> **BRIEF**:
Only certain lines below are wanted: those starting at the line containing "15129 Locust Grove" and ending at the line containing "1256 Hollow Road", both included, each retyped exactly.

> **EXERCISE INPUT**:
:::::

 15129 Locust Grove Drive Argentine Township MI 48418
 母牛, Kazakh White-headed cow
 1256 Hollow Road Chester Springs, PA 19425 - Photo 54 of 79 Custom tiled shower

:::::

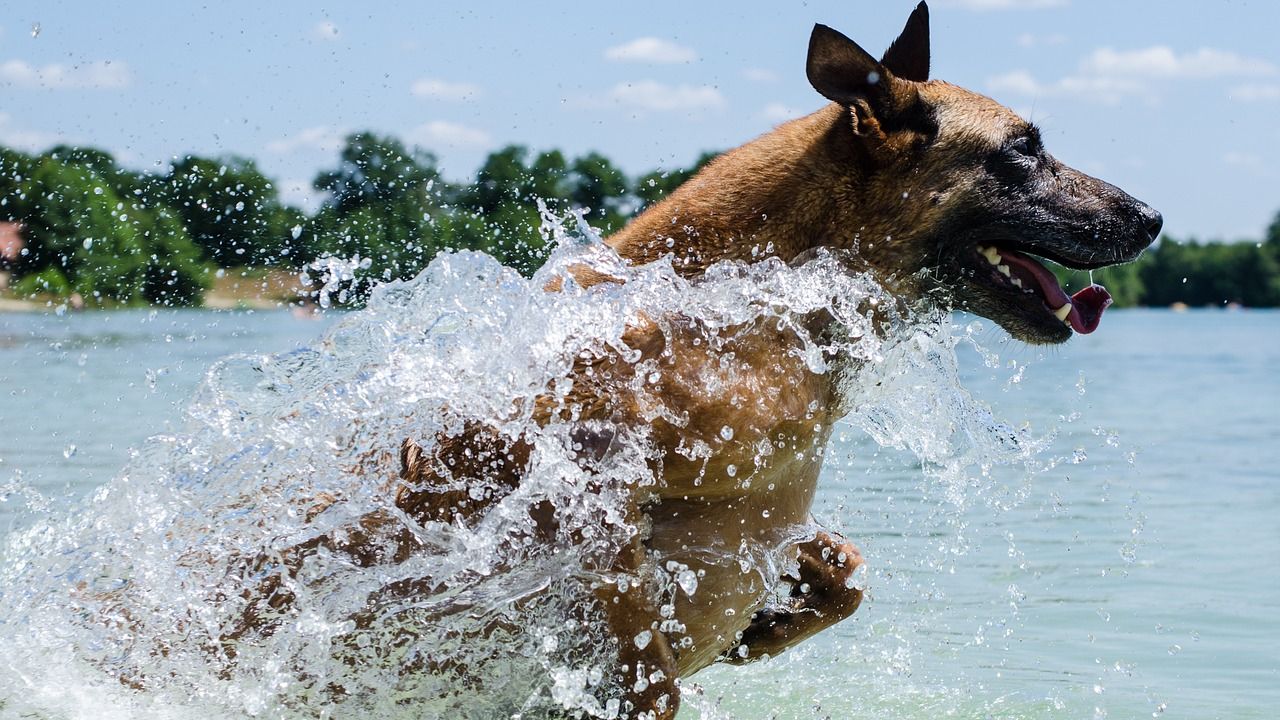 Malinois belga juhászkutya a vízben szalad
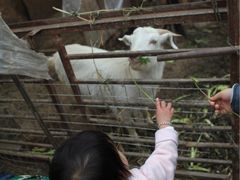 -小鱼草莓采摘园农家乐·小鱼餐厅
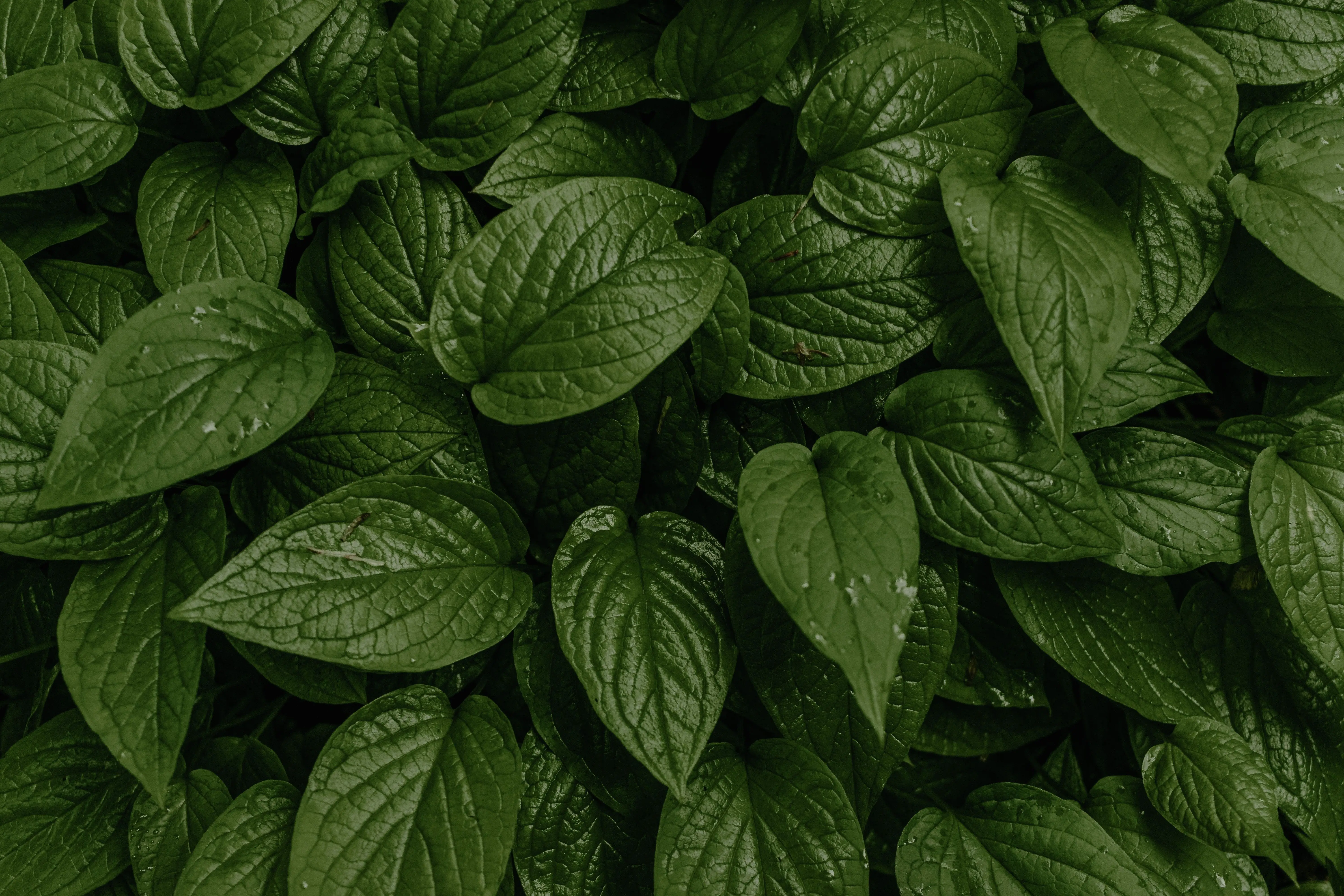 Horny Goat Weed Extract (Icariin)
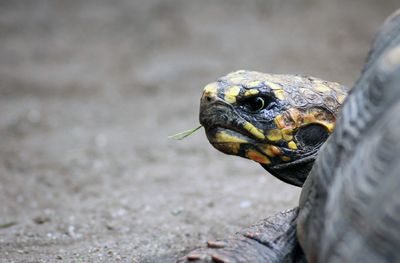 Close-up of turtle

:::::

> **ANSWER TO THIS TASK**:
 15129 Locust Grove Drive Argentine Township MI 48418
 母牛, Kazakh White-headed cow
 1256 Hollow Road Chester Springs, PA 19425 - Photo 54 of 79 Custom tiled shower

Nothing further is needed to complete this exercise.